In the last blog entry, we introduced this topic and explored the first sentence of the health insurance portion of MGL, chapter 208, section 34, which we set forth in its entirety. It is apparent that a trial judge must make inquiry into spousal health insurance coverage that is available to an alimony payor . On close reading, it is difficult to understand exactly what the meets and bounds of that inquiry are, but plainly it places a priority on providing coverage. This is unsurprising in the current era of health care reform, despite the fact that the section 34 language preceded both the state and federal the individual mandates.
Here, we consider section 34’s relationship to MGL, chapter 208, sections 53 (eff. 3/1/12), which it also preceded. To do so, we take on the third sentence of section 34’s health insurance provision. It says:
In no event shall the order for alimony be reduced as a result of the obligor’s cost for health insurance coverage for the spouse.
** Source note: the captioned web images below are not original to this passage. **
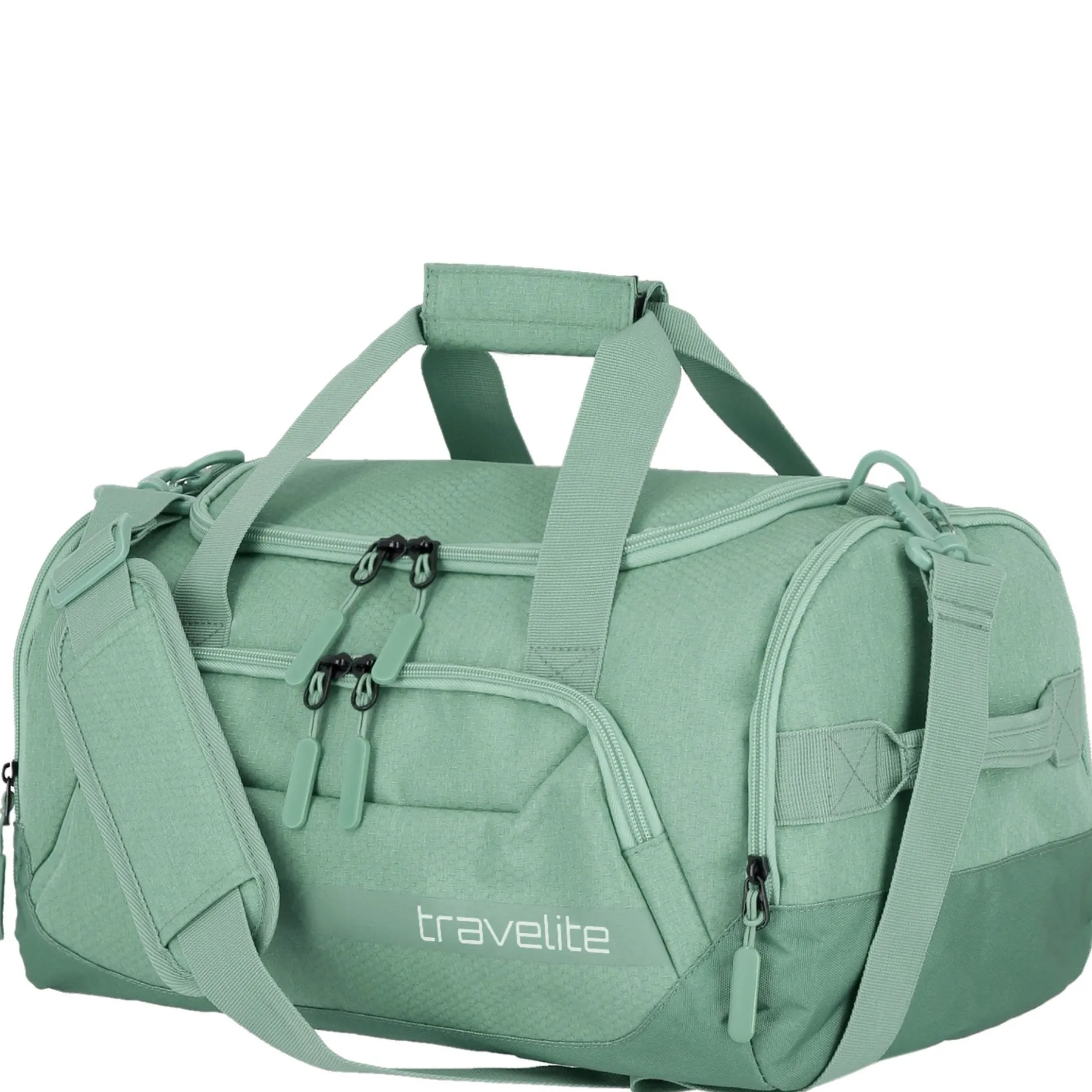 Kick-Off - Reisetasche 40 cm S (salbei)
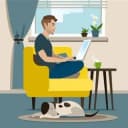 Канал Работа фрилансерам от клуба Shareworking в Telegram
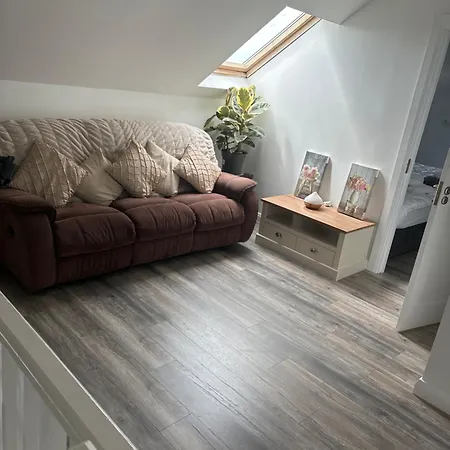 Bed & Breakfast Aran Views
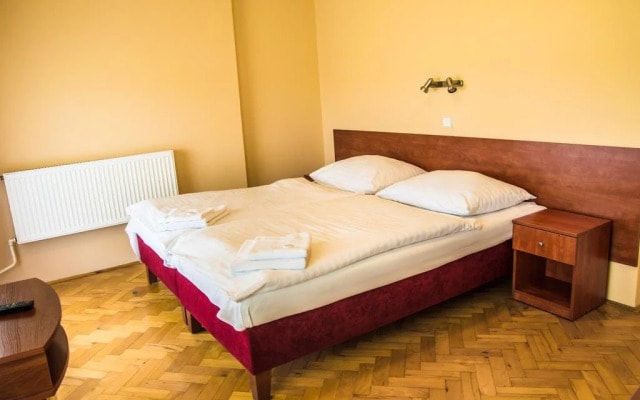 Hotel U Jezera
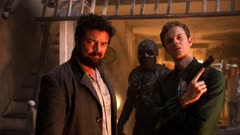 عکس قسمت 5 فصل 2 سریال پسرها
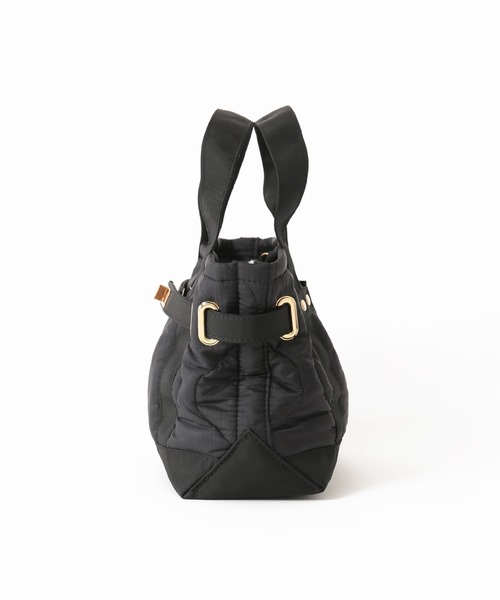 sita parantica(シータパランティカ)の「《別注》【SITA PARANTICA/シータパランティカ】ベッチュウ TOTE RP S:バッグ◆(トートバッグ・レディース・ブラック/カーキ・FREE)」の17枚目の写真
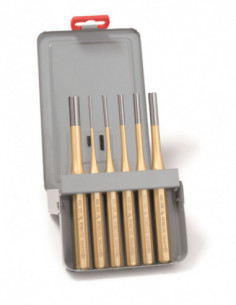 BOTADOR CILINDRICO JG 6 P 2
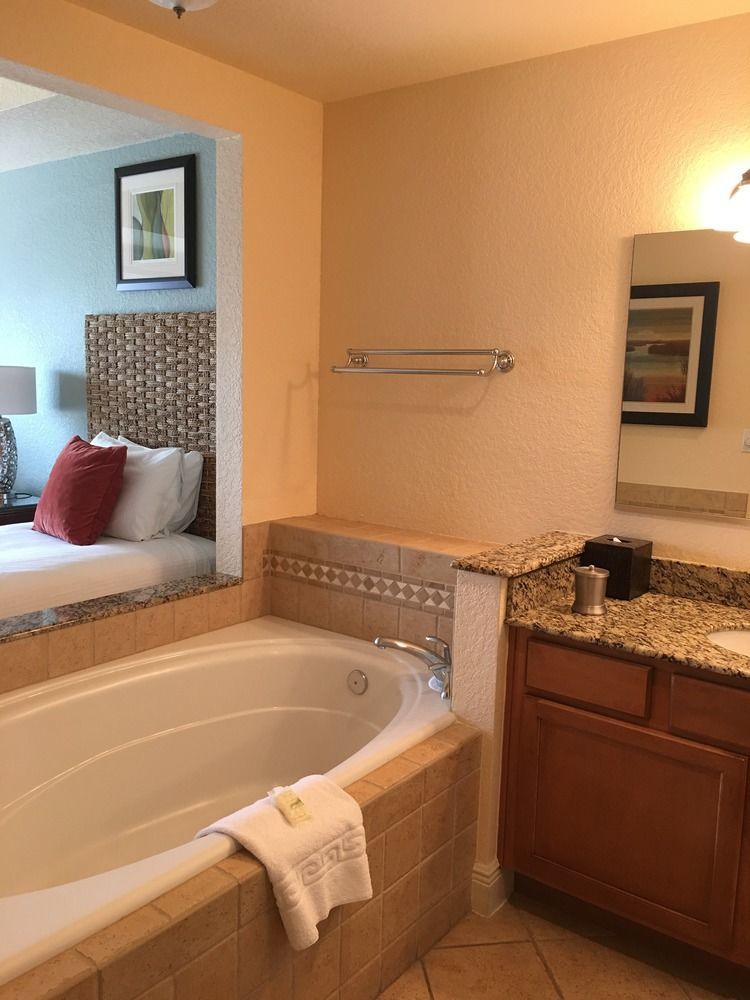 Worldmark Reunion Kissimmee Extérieur photo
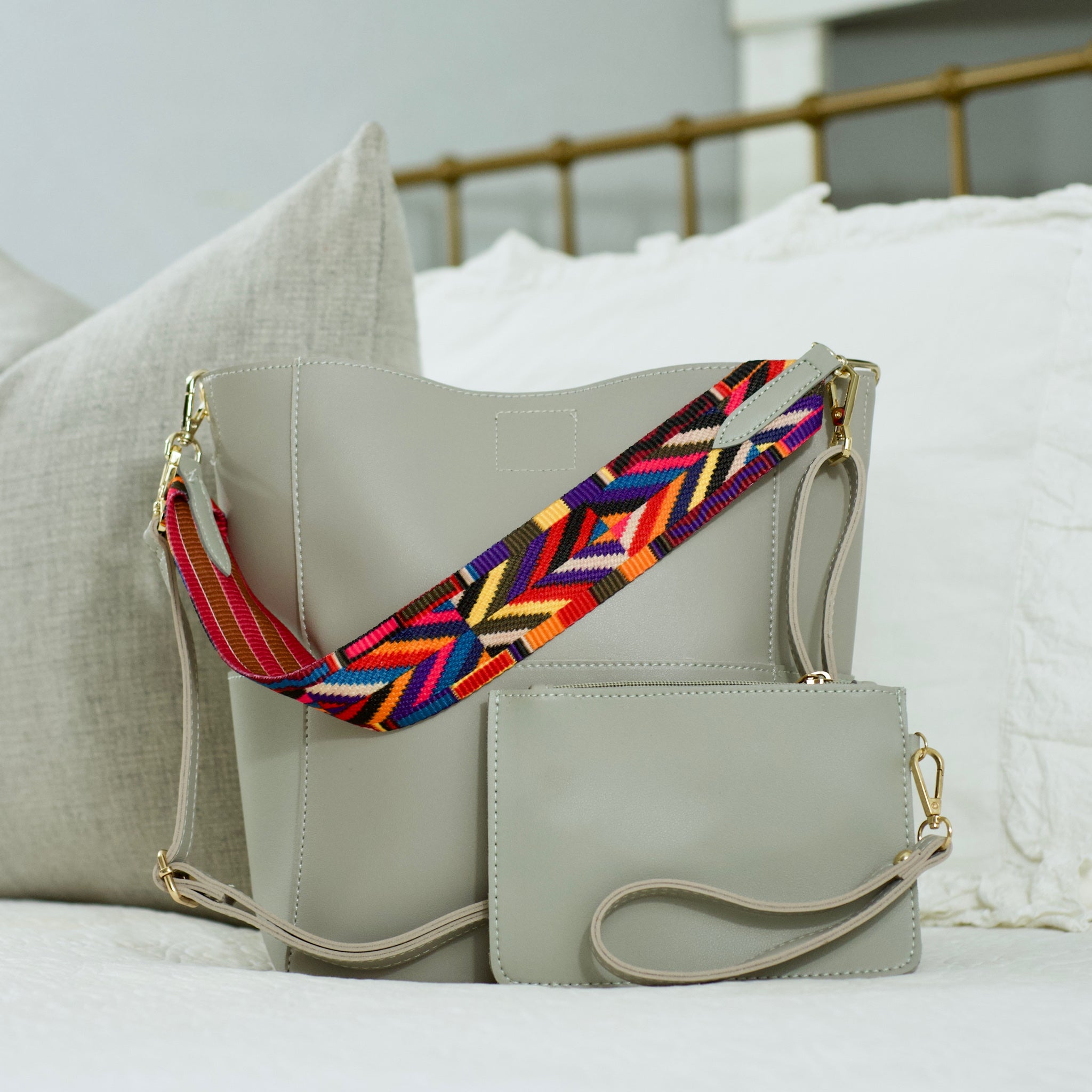 Kyndall Handbag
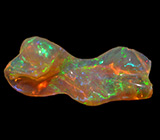 Эфиопский опал 7,6 карат 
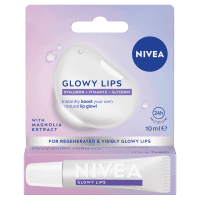 Clear Glowy Lips (10ml)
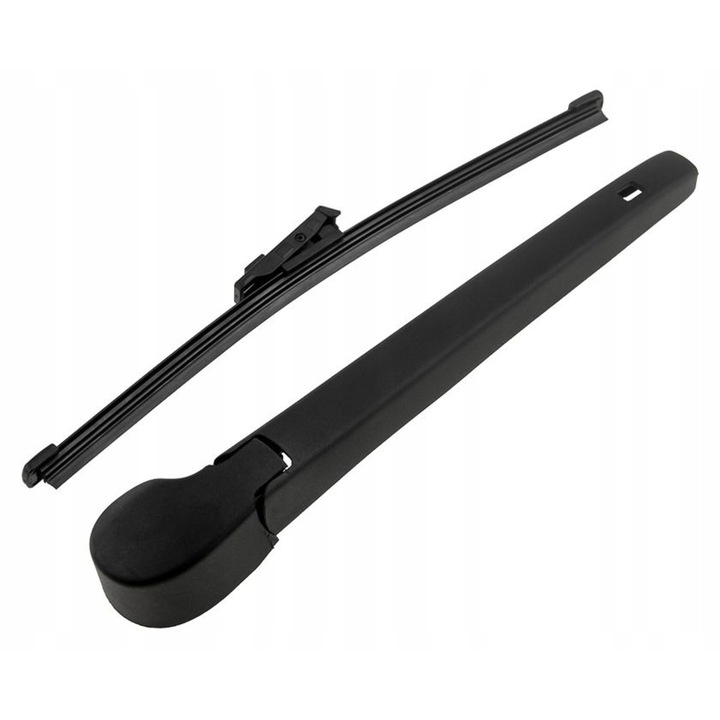 ME PREMIUM ablaktörlő lapát készlet VW ID.3 ID3 2019-hez, megnövelt hatékonyság, lapát mellékelve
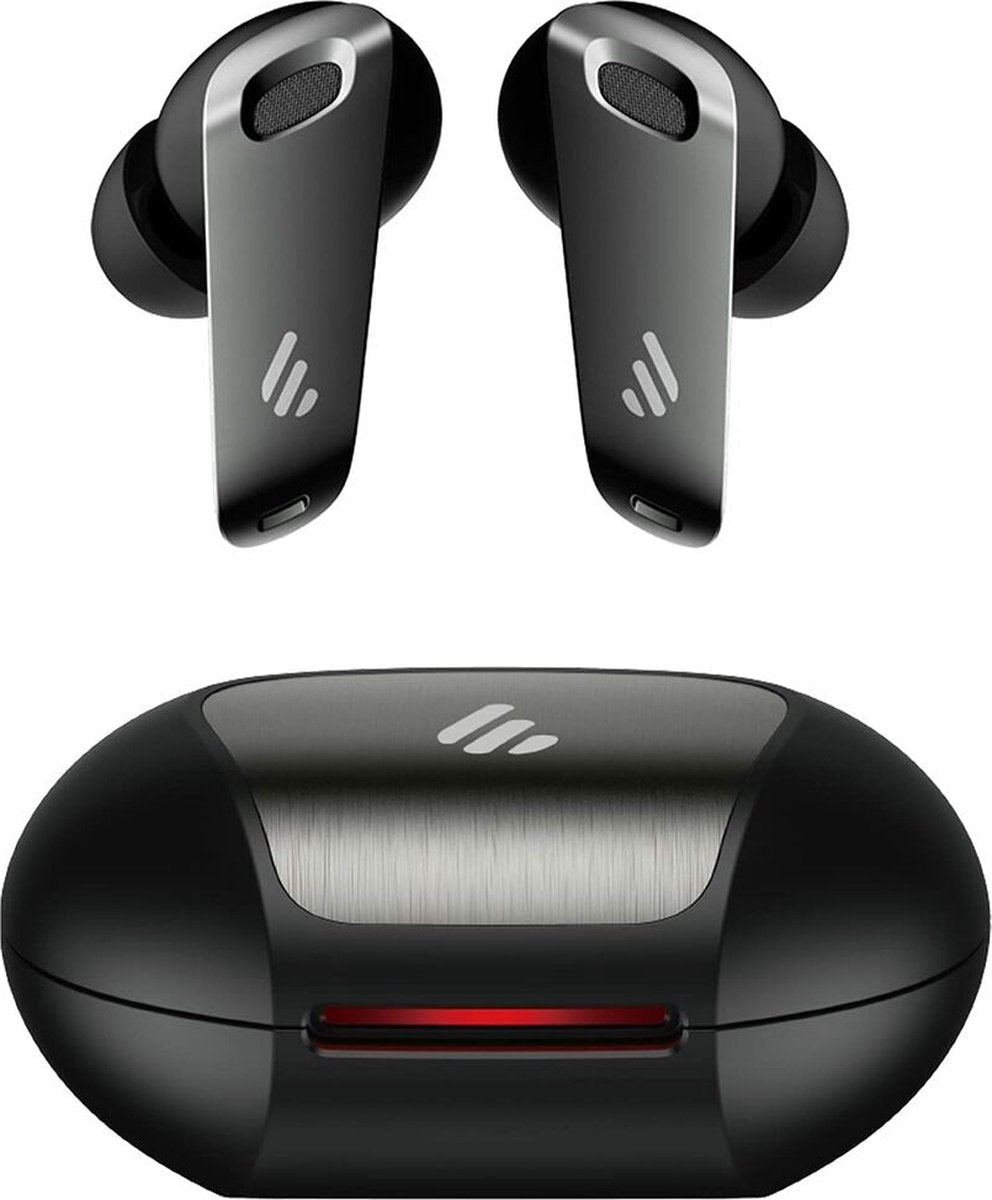 Edifier NeoBuds Pro Hi - Res Draadloze Oordopjes Actieve Noise Cancelling Zwart - MR commerce
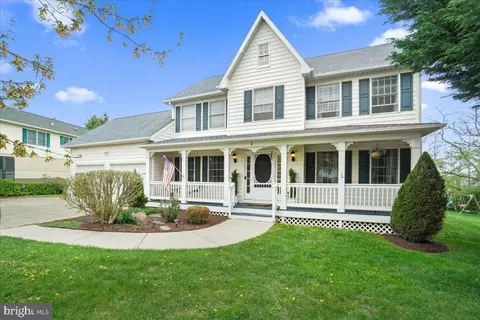 3 Sunhigh Ct, Thurmont, MD 21788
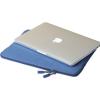 Laptop Cover 11&#034;~15&#034; Notebook Sleeve Case Bag + Adapter Pouch Fr Macbook Pro Air #5 small image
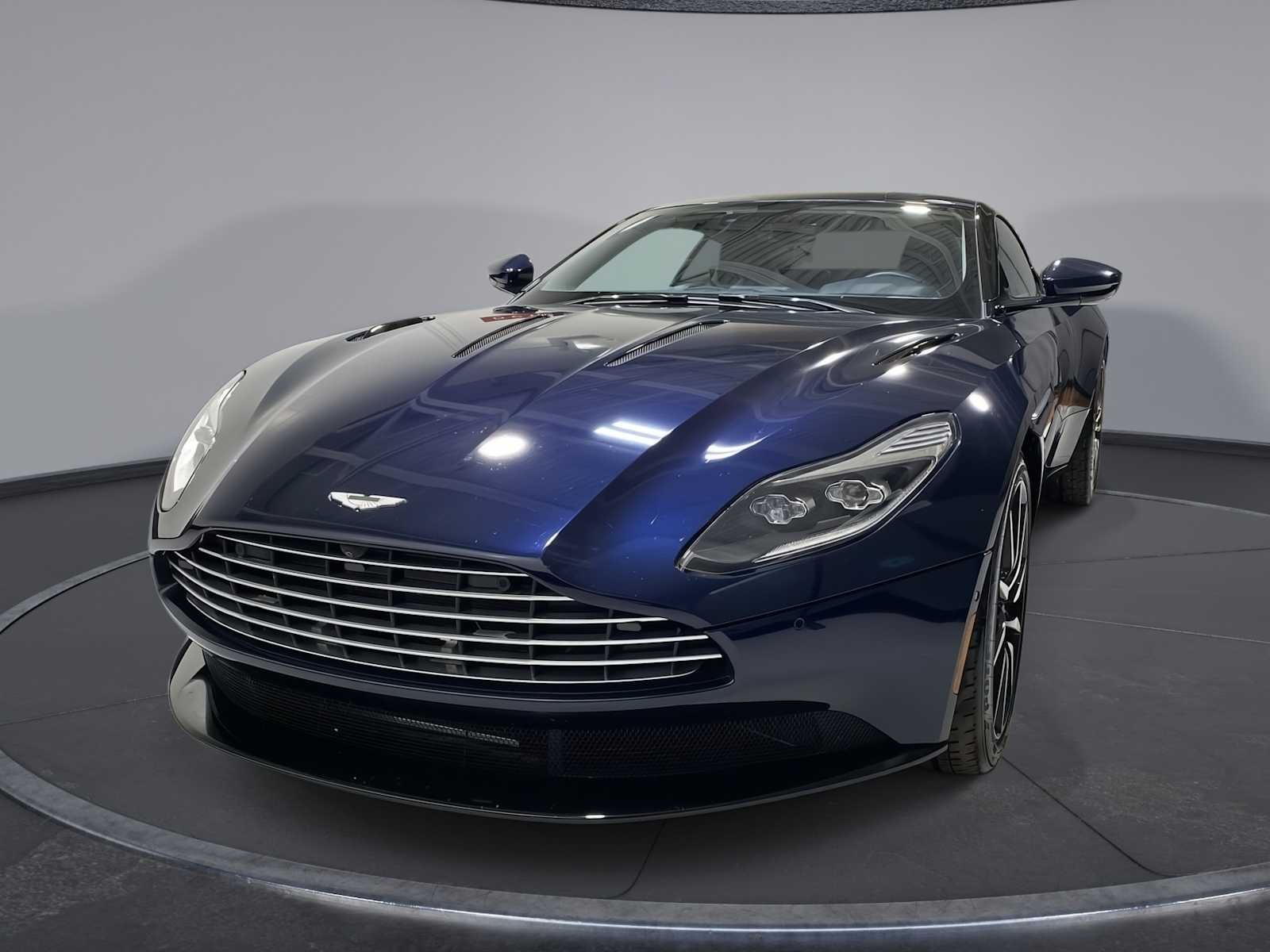2017 Aston Martin DB11 Launch Edition -
                  Verona, NJ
And, it remains good law. Yet, the new alimony law, states that:
(e) In setting an initial alimony order, or in modifying an existing order, the court may deviate from duration and amount limits for general term alimony and rehabilitative alimony upon written findings that deviation is necessary. Grounds for deviation may include: …
(3)whether the payor spouse is providing health insurance and the cost of health insurance for the recipient spouse…
So, which law prevails? The one that says that alimony cannot be reduced by reason of costs for health insurance or the one that states that it may?
Previously, we observed how little the health insurance provision of section 34 has been litigated. This statutory conflict may well change that. As divorce mediators, we help our clients address these matters practically, but as divorce arbitrators, we await, and now need, appellate clarification.